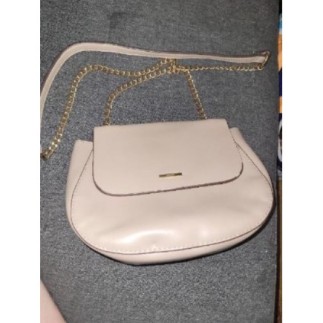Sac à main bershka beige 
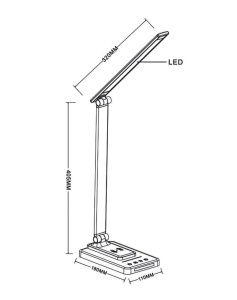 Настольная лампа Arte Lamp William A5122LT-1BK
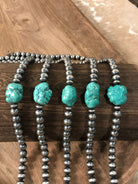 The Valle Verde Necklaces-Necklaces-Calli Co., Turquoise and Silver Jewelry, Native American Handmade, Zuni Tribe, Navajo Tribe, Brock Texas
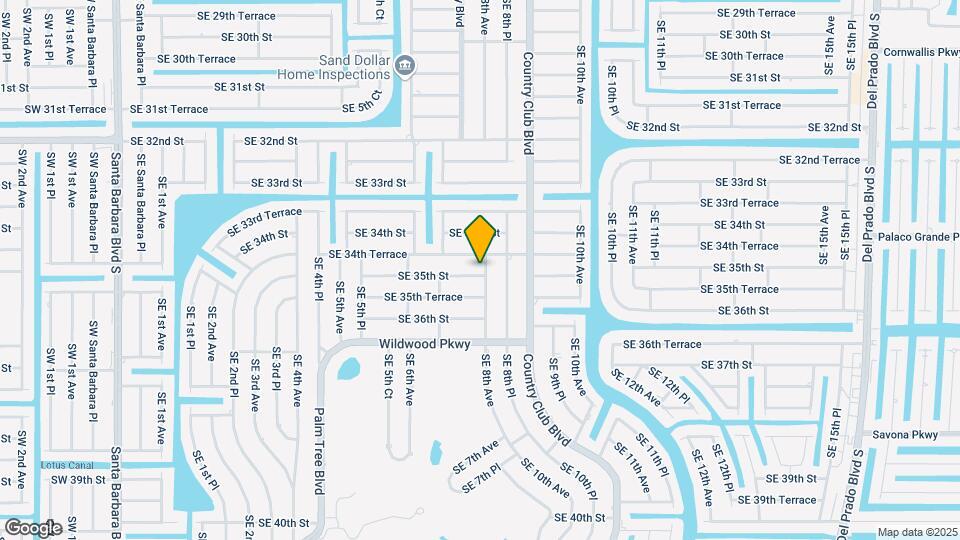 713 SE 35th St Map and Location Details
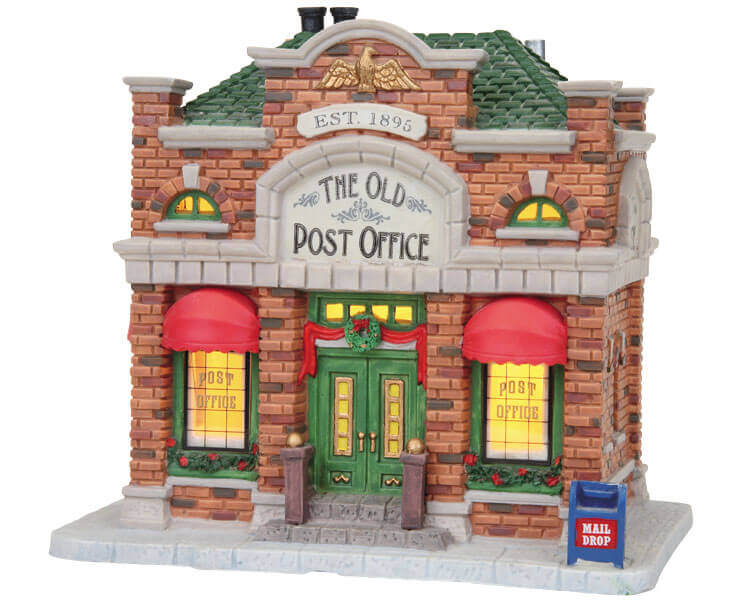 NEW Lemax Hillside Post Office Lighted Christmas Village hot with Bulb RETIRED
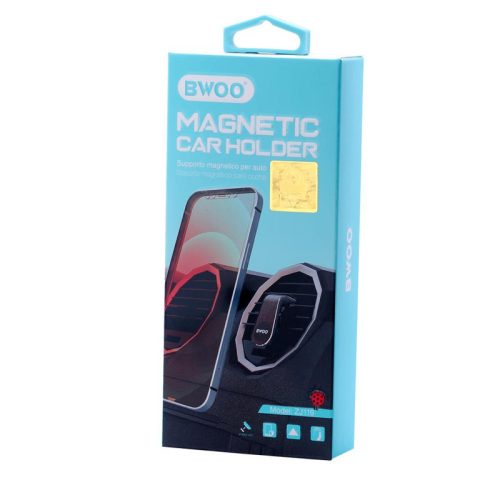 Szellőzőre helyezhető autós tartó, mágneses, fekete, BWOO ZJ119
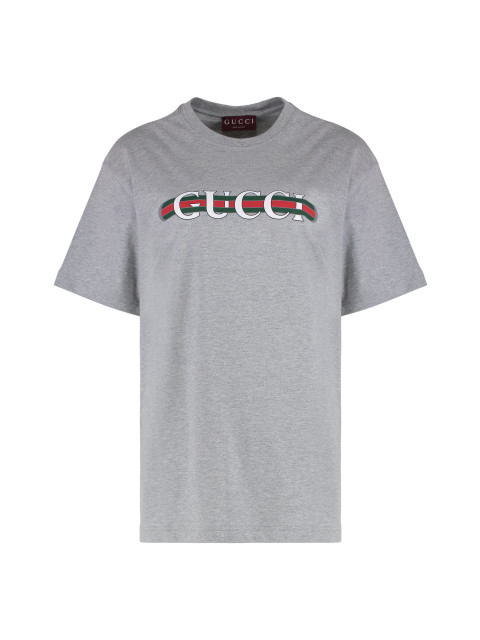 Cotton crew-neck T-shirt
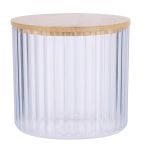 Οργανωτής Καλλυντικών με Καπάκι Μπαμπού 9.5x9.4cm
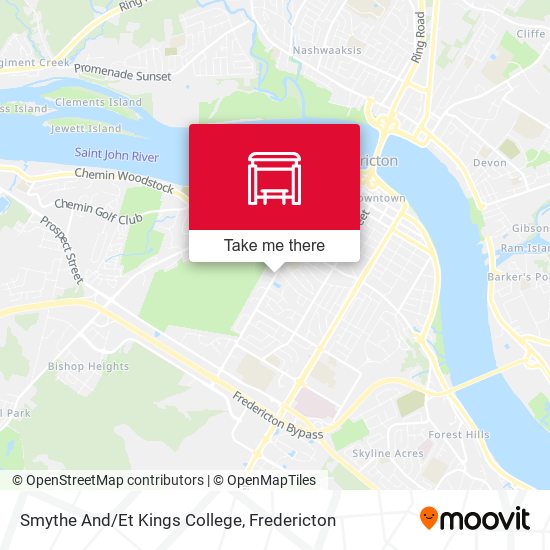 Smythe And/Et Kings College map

...

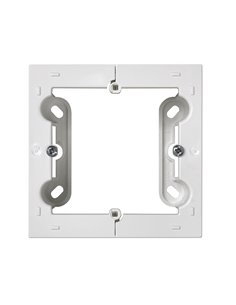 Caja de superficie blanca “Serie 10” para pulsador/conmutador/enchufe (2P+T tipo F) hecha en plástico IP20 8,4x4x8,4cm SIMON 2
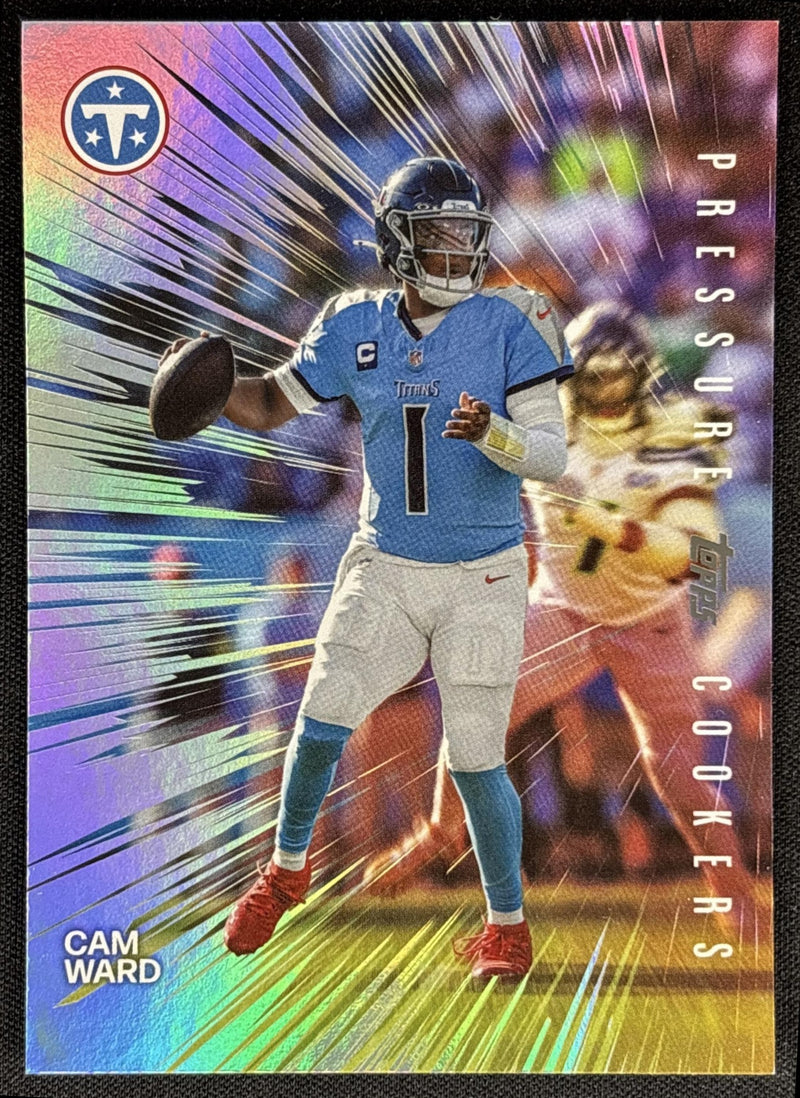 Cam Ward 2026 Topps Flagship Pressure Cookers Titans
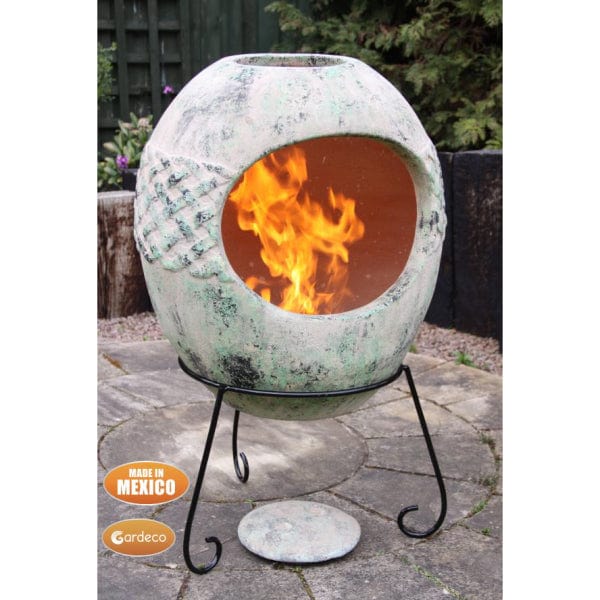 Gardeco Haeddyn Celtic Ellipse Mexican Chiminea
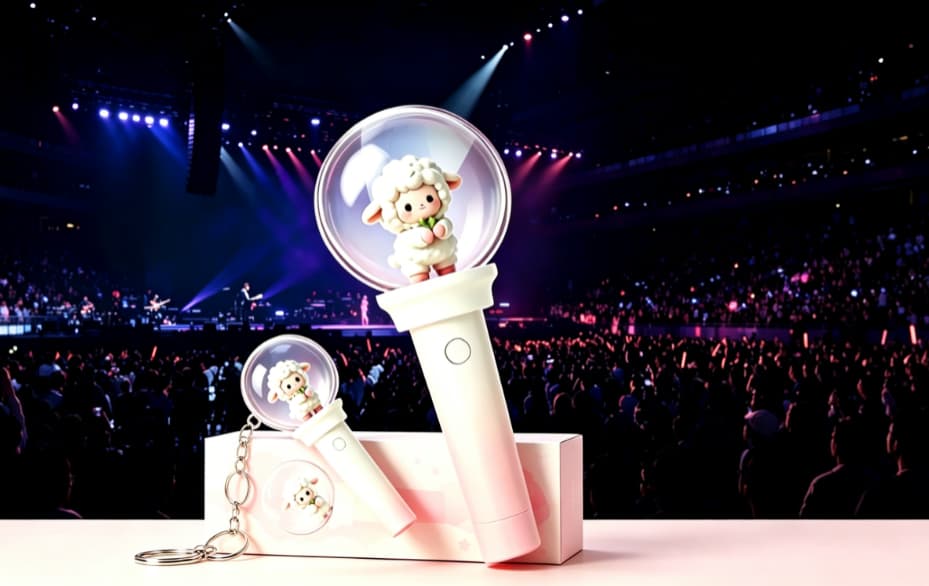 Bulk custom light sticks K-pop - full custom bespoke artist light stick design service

| Problem description |
Each line from the one that contains "713 SE 35th St Map and Location Details" down to the one that contains "Smythe And/Et Kings College map" is to be returned exactly as it stands above, both ends included, with pictures removed.

| Result of this exercise |
 713 SE 35th St Map and Location Details
 NEW Lemax Hillside Post Office Lighted Christmas Village hot with Bulb RETIRED
 Szellőzőre helyezhető autós tartó, mágneses, fekete, BWOO ZJ119
 Cotton crew-neck T-shirt
 Οργανωτής Καλλυντικών με Καπάκι Μπαμπού 9.5x9.4cm
 Smythe And/Et Kings College map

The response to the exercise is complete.